Наш «папаша», как мы звали режиссера, снова взялся за картину, на этот раз из средневековья. Я попробовался на роль молодого философа, дерзнувшего выступить против отцов церкви. Предстояло сыграть два эпизода. Вот Иоганн, выбравшись из тесных улочек, под геральдическим дубом беседует с Беатой, дочерью зажиточных бюргеров. Беата и Иоганн любят друг друга, но отец девушки, как это часто бывает, против их брака. Иоганн склоняет девушку к побегу, Беата полна сомнений. Хрупкая, изнеженная она страшится трудностей и лишений, которые неизбежно возникнут на их пути. Иоганн вкладывает в обращение к любимой всю силу своего чувства, и мне казалось, я нашел нужные интонации.
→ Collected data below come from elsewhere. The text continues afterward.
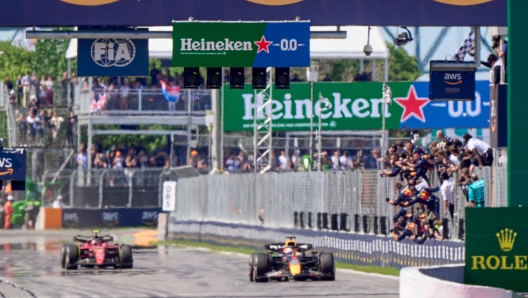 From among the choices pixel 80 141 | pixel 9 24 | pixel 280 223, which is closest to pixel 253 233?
pixel 280 223

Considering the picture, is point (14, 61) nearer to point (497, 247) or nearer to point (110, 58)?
point (110, 58)

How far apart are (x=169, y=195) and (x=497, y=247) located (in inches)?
1156

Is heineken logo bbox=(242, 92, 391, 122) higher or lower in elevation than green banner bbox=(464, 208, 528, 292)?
higher

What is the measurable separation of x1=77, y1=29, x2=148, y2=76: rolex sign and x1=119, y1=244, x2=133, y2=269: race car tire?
19.4ft

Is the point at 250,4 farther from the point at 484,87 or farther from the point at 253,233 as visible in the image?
the point at 484,87

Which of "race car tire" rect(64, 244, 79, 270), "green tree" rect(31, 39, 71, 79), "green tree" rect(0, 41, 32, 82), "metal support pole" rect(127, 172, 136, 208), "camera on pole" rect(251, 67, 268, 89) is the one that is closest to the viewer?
"camera on pole" rect(251, 67, 268, 89)

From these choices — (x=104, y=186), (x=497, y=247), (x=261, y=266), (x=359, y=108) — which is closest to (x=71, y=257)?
(x=261, y=266)

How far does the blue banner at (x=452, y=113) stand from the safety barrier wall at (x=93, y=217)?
11.7 meters

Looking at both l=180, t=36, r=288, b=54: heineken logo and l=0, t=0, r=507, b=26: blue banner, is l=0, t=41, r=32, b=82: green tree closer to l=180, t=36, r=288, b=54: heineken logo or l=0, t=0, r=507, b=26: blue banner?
l=0, t=0, r=507, b=26: blue banner

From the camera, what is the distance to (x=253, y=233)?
32.7 metres

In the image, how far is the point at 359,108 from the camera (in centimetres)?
4022

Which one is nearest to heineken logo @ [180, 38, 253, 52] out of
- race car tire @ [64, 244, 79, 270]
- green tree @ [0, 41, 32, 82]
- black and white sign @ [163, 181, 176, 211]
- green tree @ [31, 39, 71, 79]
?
race car tire @ [64, 244, 79, 270]

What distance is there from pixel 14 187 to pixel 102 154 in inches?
833

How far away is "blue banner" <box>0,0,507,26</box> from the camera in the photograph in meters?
21.1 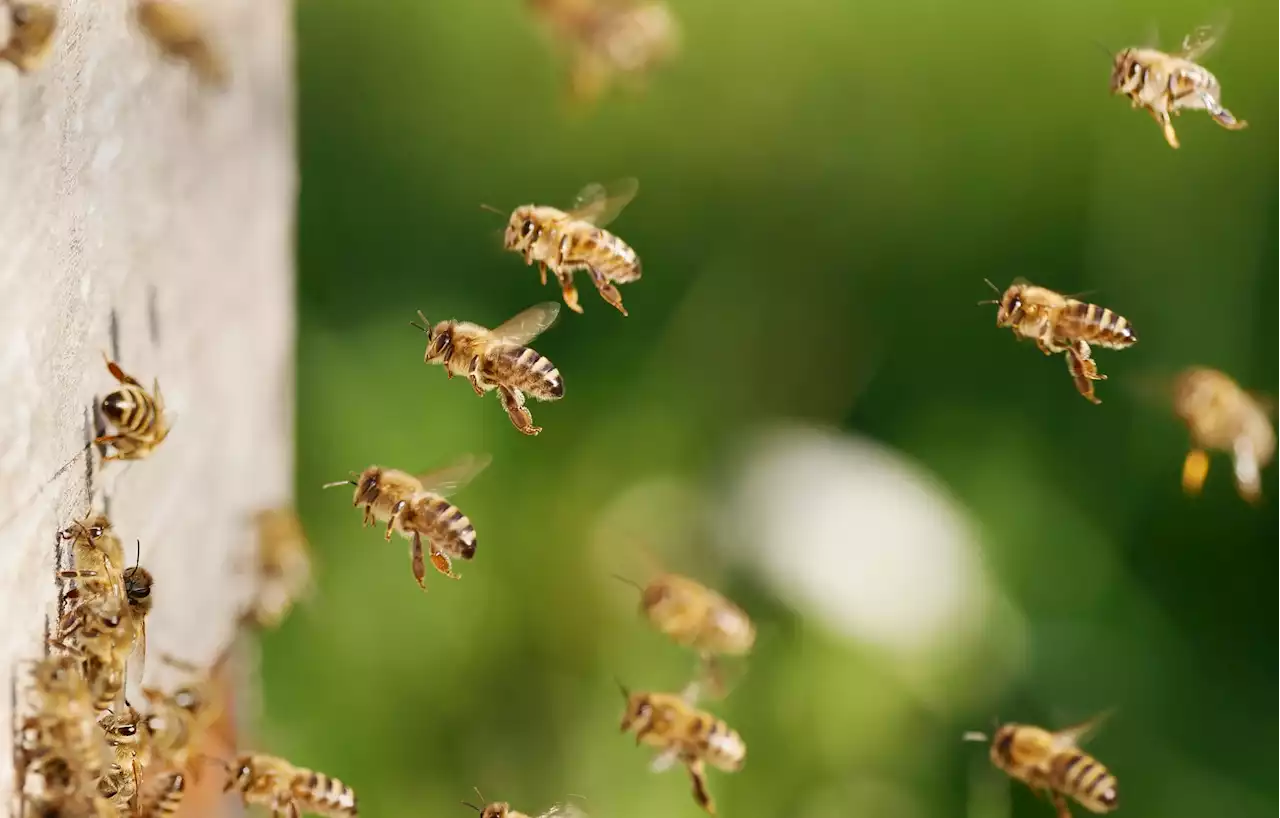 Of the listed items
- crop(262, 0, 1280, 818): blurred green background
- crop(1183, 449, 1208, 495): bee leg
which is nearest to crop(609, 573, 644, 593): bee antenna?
crop(262, 0, 1280, 818): blurred green background

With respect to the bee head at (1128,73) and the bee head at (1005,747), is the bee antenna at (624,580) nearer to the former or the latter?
the bee head at (1005,747)

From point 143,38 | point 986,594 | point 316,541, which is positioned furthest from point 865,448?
point 143,38

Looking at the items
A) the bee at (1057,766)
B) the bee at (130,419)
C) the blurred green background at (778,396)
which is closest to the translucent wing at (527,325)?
the bee at (130,419)

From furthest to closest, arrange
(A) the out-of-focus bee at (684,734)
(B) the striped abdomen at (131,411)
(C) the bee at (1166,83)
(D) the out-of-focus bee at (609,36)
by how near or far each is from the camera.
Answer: (D) the out-of-focus bee at (609,36) < (A) the out-of-focus bee at (684,734) < (C) the bee at (1166,83) < (B) the striped abdomen at (131,411)

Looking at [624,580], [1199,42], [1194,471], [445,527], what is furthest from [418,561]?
[1194,471]

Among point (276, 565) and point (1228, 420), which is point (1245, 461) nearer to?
point (1228, 420)

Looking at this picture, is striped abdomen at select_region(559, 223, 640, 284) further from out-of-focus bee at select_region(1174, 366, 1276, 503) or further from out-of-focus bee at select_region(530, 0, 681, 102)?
out-of-focus bee at select_region(1174, 366, 1276, 503)

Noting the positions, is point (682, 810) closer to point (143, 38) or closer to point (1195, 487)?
point (1195, 487) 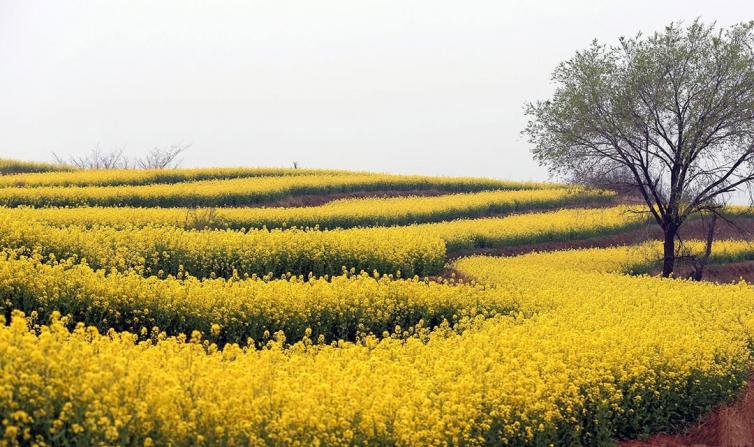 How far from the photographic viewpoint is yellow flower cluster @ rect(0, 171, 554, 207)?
37000 millimetres

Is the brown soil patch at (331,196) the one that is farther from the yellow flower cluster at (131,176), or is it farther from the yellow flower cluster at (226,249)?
the yellow flower cluster at (226,249)

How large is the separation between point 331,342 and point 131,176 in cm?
3343

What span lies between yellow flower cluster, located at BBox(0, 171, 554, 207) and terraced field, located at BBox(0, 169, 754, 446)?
281 inches

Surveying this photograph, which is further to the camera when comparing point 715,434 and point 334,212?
point 334,212

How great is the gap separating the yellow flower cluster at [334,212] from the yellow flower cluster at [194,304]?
8.32 metres

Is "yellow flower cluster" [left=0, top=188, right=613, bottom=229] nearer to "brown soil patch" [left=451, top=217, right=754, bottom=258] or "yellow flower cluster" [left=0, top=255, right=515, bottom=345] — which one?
"brown soil patch" [left=451, top=217, right=754, bottom=258]

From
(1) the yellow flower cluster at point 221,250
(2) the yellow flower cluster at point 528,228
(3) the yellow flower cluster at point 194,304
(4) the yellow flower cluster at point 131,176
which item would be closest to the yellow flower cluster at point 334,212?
(2) the yellow flower cluster at point 528,228

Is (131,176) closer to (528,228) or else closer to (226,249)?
(528,228)

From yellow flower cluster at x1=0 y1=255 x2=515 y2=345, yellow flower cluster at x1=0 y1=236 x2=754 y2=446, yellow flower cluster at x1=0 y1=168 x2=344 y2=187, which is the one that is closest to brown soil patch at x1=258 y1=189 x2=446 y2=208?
yellow flower cluster at x1=0 y1=168 x2=344 y2=187

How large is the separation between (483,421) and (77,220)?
20733 mm

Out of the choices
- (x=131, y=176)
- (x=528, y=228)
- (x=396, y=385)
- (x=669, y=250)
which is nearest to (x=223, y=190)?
(x=131, y=176)

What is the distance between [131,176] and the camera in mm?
47125

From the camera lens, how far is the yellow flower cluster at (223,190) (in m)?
37.0

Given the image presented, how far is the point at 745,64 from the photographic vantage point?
30828 millimetres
Во втором эпизоде Иоганн с каменным лицом стоит в подвальном зале собора. Безжалостно сверлят меня глазами члены церковного суда, обвиняя в ереси. Тогда я говорю этим застывшим фигурам все, что я о них думаю; голос мой, преодолев дрожь, приобретает обличительное звучание. После просмотра кинопроб состоялось обсуждение. Режиссер и его ассистенты высказались о моей игре нелестным образом. По их мнению я сильно переигрывал, - от чрезмерной сентиментальности с Беатой до излишней пафосности с церковниками. В общем, роль досталась другому.
Расстроенныый, брел я куда глаза глядят и не заметил, как ноги сами принесли меня на знакомую улицу. Надо было, наверное, давно признаться, что я вовсе не зарубежный актер, а человек, пришедший из восемнадцатого столетия. Но потом я представил себе глаза Беаты - Елизабеты, ее разочарование, недоверие, даже страх, и мне расхотелось откровенничать.
Медленно брел я по Кузнечной и вскоре оказался возле собора. Все та же уходящая в небо махина, только еще глубже осела в землю. Я толкнул тяжелую дверь и вошел. Не пахло свечами и благовониями, не было алтаря с распятием, вместо деревянных резных скамеек стояли тонконогие стулья. Только лазурно-бордовый витраж по-прежнему светился, благословляя усталого путника. Постояв немного, я вышел и прочитал на афише, что органный концерт состоится сегодня вечером. В указанное время я снова был в соборе и занял место, откуда великолепно был виден и слышен орган. Появился органист в черном костюме с бабочкой.
Органист играл мастерски, пассажи были филигранно отточены, ритм выдержан, но мне хотелось, чтобы музыка не только успокаивала меня. Стоит ли говорить, что я решил вернуться обратно. Если конечно органист разыграется. О, Беата, взгрустнешь ли ты об исчезнувшем Карле? С некоторым усилием я стал думать о дне вчерашнем, о том, что было месяц, год тому назад и ранее. Я представил себе Ратушную площадь, по которой в детстве любил гулять, старые порталы, Шведские ворота …
Однако, маэстро, так дело не пойдет! Мало ведь классически исполнять, выигрывая ноты, надо импровизировать до дрожи в суставах, настроить на движение каждую клеточку моего существа!
Я плелся через домскую площадь, ощущая булыжник под ногами. Подняв голову, я увидел Беату. Она шла одна, без поклонников, я окликнул ее, вызвался проводить. Мы долго гуляли, оживленно беседуя, и я так увлекся, критикуя органиста, что сам того не заметил как объяснился Беате в любви.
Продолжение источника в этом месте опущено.